Fatal motor vehicle accidents –
interactive data visualisation
This interactive data visualisation was developed in the 2nd semester in the course Programmed Design II. The main focus was the examination of the ordering relationship between shape & colour in dynamic models. The semester task was to design an interactive data graphic. The starting material was either general classical calendrical principles or specific summarised data. These were to be made visually experienceable in dynamic or interactive form. The means of representation were limited to abstract, geometric forms & the systematic use of colour. Even though the use of any alphanumeric characters was prohibited, the claim remained that all levels of information contained in the data graphics should be as clearly readable as possible for the viewer.

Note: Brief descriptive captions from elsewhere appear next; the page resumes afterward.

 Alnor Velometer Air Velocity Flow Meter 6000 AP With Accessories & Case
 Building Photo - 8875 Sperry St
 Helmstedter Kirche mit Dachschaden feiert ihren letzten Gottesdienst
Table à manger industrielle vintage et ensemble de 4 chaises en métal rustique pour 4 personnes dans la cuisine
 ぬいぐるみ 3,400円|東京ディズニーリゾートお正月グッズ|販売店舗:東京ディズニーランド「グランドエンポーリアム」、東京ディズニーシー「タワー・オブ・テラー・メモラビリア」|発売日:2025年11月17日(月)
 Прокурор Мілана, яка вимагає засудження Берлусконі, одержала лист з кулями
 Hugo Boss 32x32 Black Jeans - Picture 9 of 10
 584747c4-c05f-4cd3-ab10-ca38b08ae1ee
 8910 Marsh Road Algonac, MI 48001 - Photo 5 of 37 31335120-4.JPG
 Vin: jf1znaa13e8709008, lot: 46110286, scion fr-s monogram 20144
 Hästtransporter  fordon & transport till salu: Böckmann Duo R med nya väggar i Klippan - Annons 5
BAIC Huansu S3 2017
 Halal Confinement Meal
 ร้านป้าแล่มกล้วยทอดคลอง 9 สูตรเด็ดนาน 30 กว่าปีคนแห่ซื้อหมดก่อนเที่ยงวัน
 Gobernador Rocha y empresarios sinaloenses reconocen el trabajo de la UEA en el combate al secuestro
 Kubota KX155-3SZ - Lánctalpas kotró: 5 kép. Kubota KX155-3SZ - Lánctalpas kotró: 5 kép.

My interactive data visualisation deals with fatal vehicle accidents in the USA in 2013. The first screen should give an overview of the context in which the user finds himself & what the topic is. In a second step the user should get a feeling for how much data is involved & into which data groups it is divided. Only in the third screen detailed information & connections between the data should be visualised. The innermost ring of the diagram shows the number of accidents per month. As soon as a month is selected, it is shown how the accidents are distributed over the weekdays within this month. By selecting a weekday, a third ring appears, which shows the number of accidents per hour within the selected month on a specific weekday.
Design Process –
detailed & extensive
The data used were raw data. Each data set (each line) represented a fatal accident in the USA in 2013. 53 characteristics were recorded for each data set. With regard to the characteristic values, nominal & ordinal values were represented as well as values that can be depicted on an interval or ratio scal
Since not all characteristics are clearly identified & no explanation could be found, the first step of data cleaning was to remove these characteristics. I also removed characteristics whose expression or difference was not clear. Examples are the characteristics “WEATHER1”, “WEATHER2”, “WEATHER” with the values 0-10. Characteristics which made the same statement, such as “Geo Point”, “Geo Shape” & ” LATITUDE”, “LONGITUD” were deleted accordingly. Thus the number of characteristics was reduced from 53 to 22. Afterwards I removed columns that I felt went too deep in detail or always had the same feature value, such as the feature “CITY” or “YEAR”. In the end, 19 characteristics were left over, with which I continued the data cleaning process. The next step was to eliminate gaps & incorrect data entry (typing errors), which reduced the number of events from 30,057 to 7,062.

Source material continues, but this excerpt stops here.